I'm Douglas Gourlay, Vice President of Marketing for data center, high-performance computing and high-frequency trading network switch vendor Arista Networks.
Over the past week I polled some folks at different companies manufacturing products that are part of their 'fabric strategy' to get their opinion on what makes their fabric different than a more traditional network.
The best answer came from an account manager at Brocade - "It's really nothing different, but its a different term and it gives me a reason to have a conversation with someone who might otherwise not be so inclined. It also lets me talk about something different so they (the network team) has something to bring up of interest to the rest of the IT organization."
I thought this was one of the most direct answers I received - and it makes a good bit of sense. If all you are talking about it 'same old, same old' Layer-2 and Layer-3 networks, how interesting is that? Many virtualization and server and storage groups within IT will assert that 'we know that stuff' so there is no reason to give the network team any airtime or to pay attention to them, but introduce 'fabric' and at least we think we have something new to discuss.

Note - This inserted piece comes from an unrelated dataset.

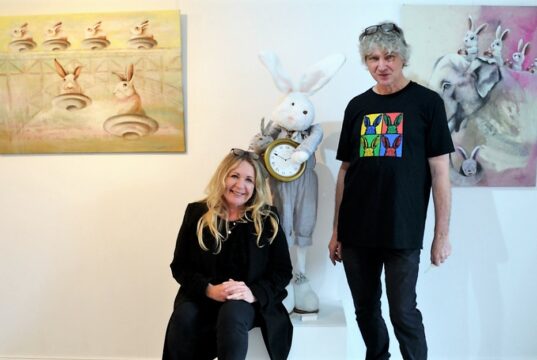 Am Freitag fand die Eröffnung der etwas anderen Galerie Märzhase im Südpark statt. Inhaber Michael Boeck möchte künftig mit Unterstützung von Karen Ulrich die Besucher auf lockere Art an die Kunst heranführen. Ein leicht schräger Spirit ist das Kennzeichen der Galerie. (Foto: © Martina Hörle)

See, the general premise of 'fabric', depending which vendor-specific variant of the term you give credence to, comes from one of two schools of thought:
Fabric was derived from the use of a switched fabric architecture to connect multiple linecards together in a modular chassis so that each had the ability to talk to any other linecard, at any time. To accomplish this fabrics were often either arbitrated on ingress (such as a virtual output queue system with fabric arbitration) or the fabric was overclocked: meaning the speed the switch fabric could ingest data and forward it was faster than the expectation the linecard had of putting data on the fabric and taking it off. Thus any point in time congestion could be handled by a small but reasonable amount of buffering.

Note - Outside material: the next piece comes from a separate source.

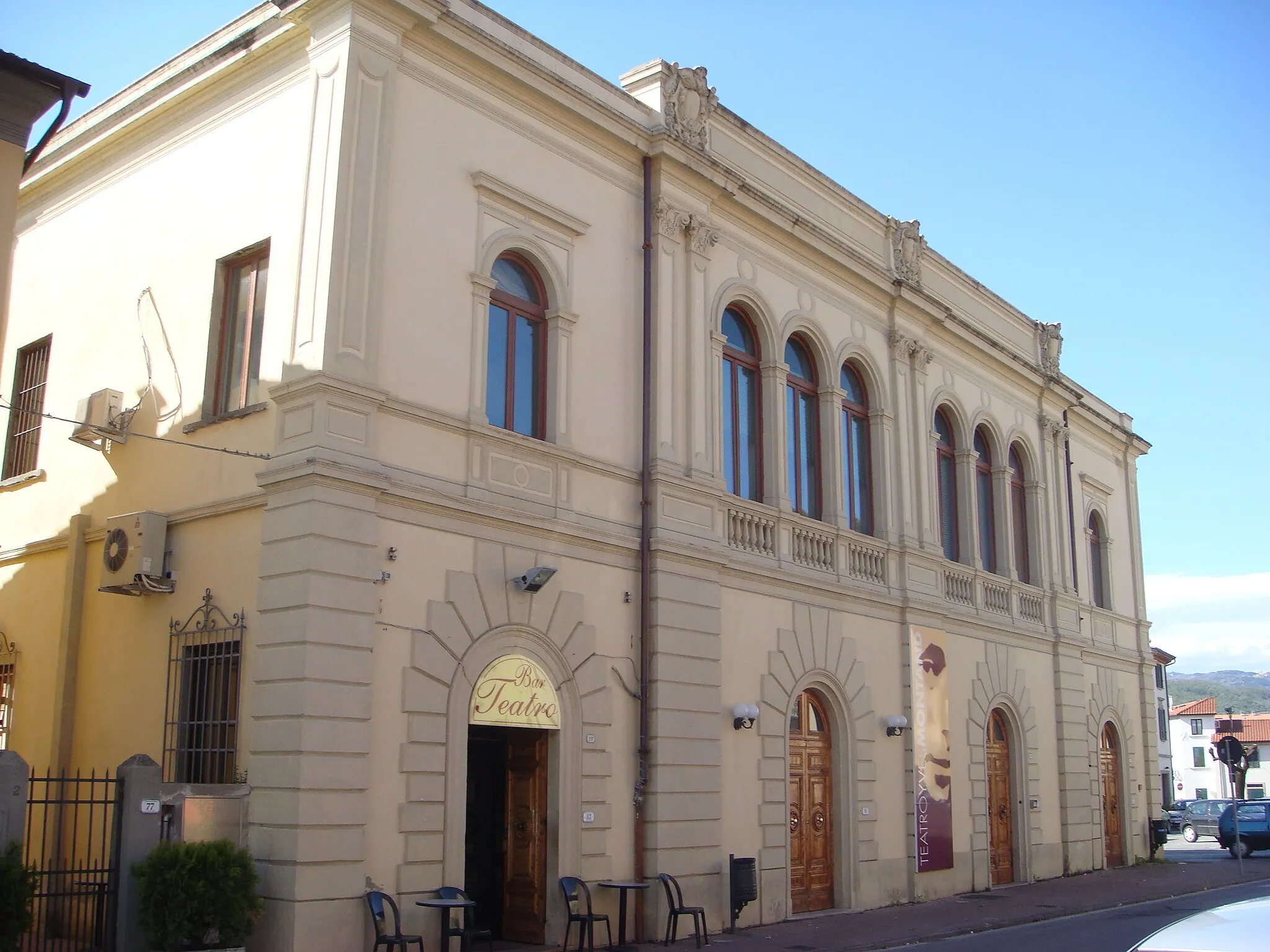 Photo showing: Facciata del Teatro Yves Montand di Monsummano Terme (Provincia di Pistoia, Italia)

Fabric was derived from the storage area networks (SAN) built out, starting in the late 90s, where the intent was to have a large number of hosts (initiators) connecting to a well-defined number of storage systems (targets). The traffic patterns were well understood and almost always from initiator to target and back. These fabrics were designed to be lossless by implementing a credit-based fabric arbitration mechanism that guaranteed the SAN would not drop traffic under congestion: this was highly necessary because the SCSI protocol was not very tolerant of loss.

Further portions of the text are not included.